Bush was a promising player. So much so that San Diego, confident in their pitching with their new pitcher’s park passed up Weaver, Hughes, and Verlander in hopes of getting Bush to be their shortstop of the future (he became a pitcher later on). They ignored many of the pre-draft rankings done by site’s like Baseball Prospectus and Baseball America. The Gunslinger, as Kevin Towers was known, went with his gut. Before diving into Bush’s story, below are the pre-draft rankings (top-30) for 2004 from perhaps the most respected amateur talent analysts in the games, Baseball America:
You’ll note, Matt Bush was rated 8th overall. That’s a pretty high ranking considering the margin of error involved in ranking prospects (especially high school prospects).
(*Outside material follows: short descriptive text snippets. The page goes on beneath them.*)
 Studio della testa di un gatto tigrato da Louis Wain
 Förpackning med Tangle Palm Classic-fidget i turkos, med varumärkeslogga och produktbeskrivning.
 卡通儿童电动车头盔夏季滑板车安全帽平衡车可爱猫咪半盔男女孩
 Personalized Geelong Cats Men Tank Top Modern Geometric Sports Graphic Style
Justin Verlander was ranked ahead of Bush, Jered Weaver was ranked ahead of Bush, and Stephen Drew was ranked ahead of Bush. To be fair, Baseball America also ranked Homer Bailey, Philip Humber, Chris Nelson, and Jeff Nieman ahead of Justin Verlander, so it’s not a perfect science.
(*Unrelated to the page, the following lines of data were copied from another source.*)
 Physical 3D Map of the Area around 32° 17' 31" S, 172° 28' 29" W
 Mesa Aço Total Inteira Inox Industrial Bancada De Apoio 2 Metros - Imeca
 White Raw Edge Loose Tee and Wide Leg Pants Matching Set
Another aspect of the Bush drafting was the Padres financial position at the time (not that it has changed much). They did not have the kind of money to throw at a prospect demanding Scott Boras-type money for a signing bonus. According to the San Diego Union Tribune in 2004, “We’re already hearing that [Towers] retreated from [Scott Boras] clients Weaver and [Stephen Drew] because of the money thing.”
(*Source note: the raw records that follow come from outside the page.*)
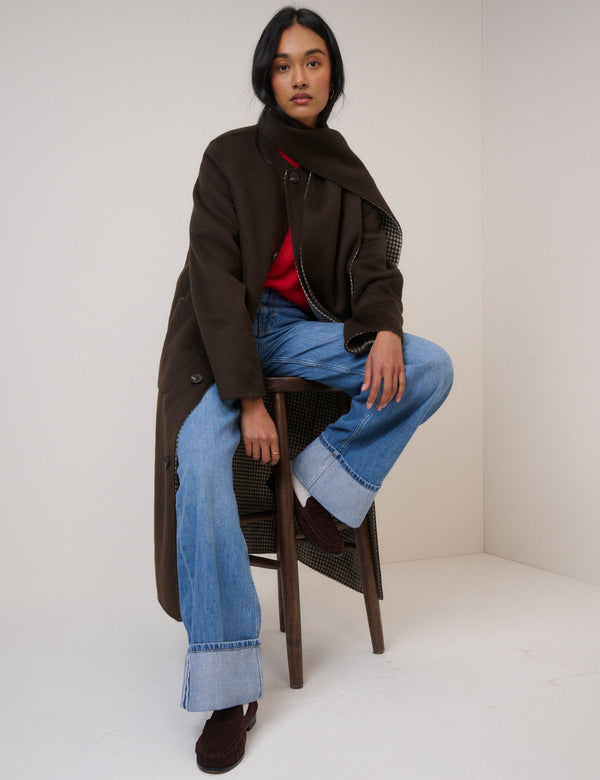 Nobody’s Child Brown Houndstooth Reversible Scarf Coat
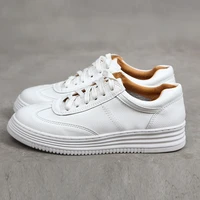 sms women sneakers split leather white shoes lace up chunky walking tenis feminino zapatos de mujer platform women casual shoes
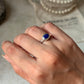 Lapis lazuli oval gemstone ring in 925 sterling silver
The Padres had a much better shot at Bush than anyone else in terms of signing bonus, so Kevin Towers pulled the trigger, like he so-often did in his career as the Padres GM. Bush received a $3.15 million signing bonus. Contrast that to the signing bonuses of Scott Boras clients Jered Weaver and Stephen Drew – $4 million and $4.5 million respectively. Those signing bonuses weren’t much more, and thus started a string of incidents that proved Towers and the Padres made the wrong call. Drafting out of financial fear is not always the smartest move. It led the Padres to make a financial investment in a troubled young man who would see more than his fair share of struggles with alcohol and the law.
Setting aside Bush’s trouble with the law for a moment, his performance on the diamond failed to impress many in the organization. In rookie league play in 2004, Bush hit .181/.302/.236. Playing for Eugene that same year, he hit .222/.276/.296. In all, his time at the plate was underwhelming. Bush’s career minor league slash-line is .219/.294/.276. While with the Padres still, the team, knowing how well Bush could perform as a pitcher, converted him from shortstop to pitcher.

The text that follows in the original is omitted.